This seemed so wrong to me that I started writing a long essay on the problem back in 2004, which I never finished because the open access movement started to take hold soon after (so there was no need).

Despite the growing popularity of the open-access movement, many journals still remain closed. Well, what happened to music seems about to happen to academic publishing.

The Pirate Bay is launching a new site called The Student Bay. I can’t read Swedish, but my guess is that it will trade academic material, copyrighted or otherwise.

Now, I don’t condone piracy in and of itself. However, I do embrace making learning material universally accessible, and I view the universal right to learn as a higher right in my moral hierarchy than copyright. I’m not simply saying this from the student’s end, either: I have plenty of IP of my own, which I’ve always given away freely. This includes my academic papers, which I’ve usually posted on my own site for people to read following publication.

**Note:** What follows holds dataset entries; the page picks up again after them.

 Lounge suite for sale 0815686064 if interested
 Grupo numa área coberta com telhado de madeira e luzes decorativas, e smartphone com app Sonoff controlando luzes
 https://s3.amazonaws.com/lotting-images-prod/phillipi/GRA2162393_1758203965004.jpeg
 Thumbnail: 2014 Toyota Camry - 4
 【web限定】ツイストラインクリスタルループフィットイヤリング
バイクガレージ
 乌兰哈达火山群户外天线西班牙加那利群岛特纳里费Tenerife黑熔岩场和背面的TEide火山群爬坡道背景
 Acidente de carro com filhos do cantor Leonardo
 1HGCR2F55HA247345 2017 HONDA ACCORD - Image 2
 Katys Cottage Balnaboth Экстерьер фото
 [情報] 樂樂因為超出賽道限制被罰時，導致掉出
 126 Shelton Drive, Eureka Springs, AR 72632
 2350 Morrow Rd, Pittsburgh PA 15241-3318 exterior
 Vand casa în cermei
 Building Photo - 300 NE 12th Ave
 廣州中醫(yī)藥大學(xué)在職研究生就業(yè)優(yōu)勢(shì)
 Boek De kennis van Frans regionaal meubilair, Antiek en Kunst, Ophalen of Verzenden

Thus, it shouldn’t be surprising that I view this as a very positive development. I suspect that authors themselves will upload their works here; certainly I am considering it. And that is going to make things very hard for journals, because there’s a good chance that the first lawsuit brought against an author for infringement on his own work will provoke a sweeping reform of the system itself. This would be suicide for the journals.

They’re parasites. I can’t say I’d be sad to see them go.

Some financial risk measures simplified.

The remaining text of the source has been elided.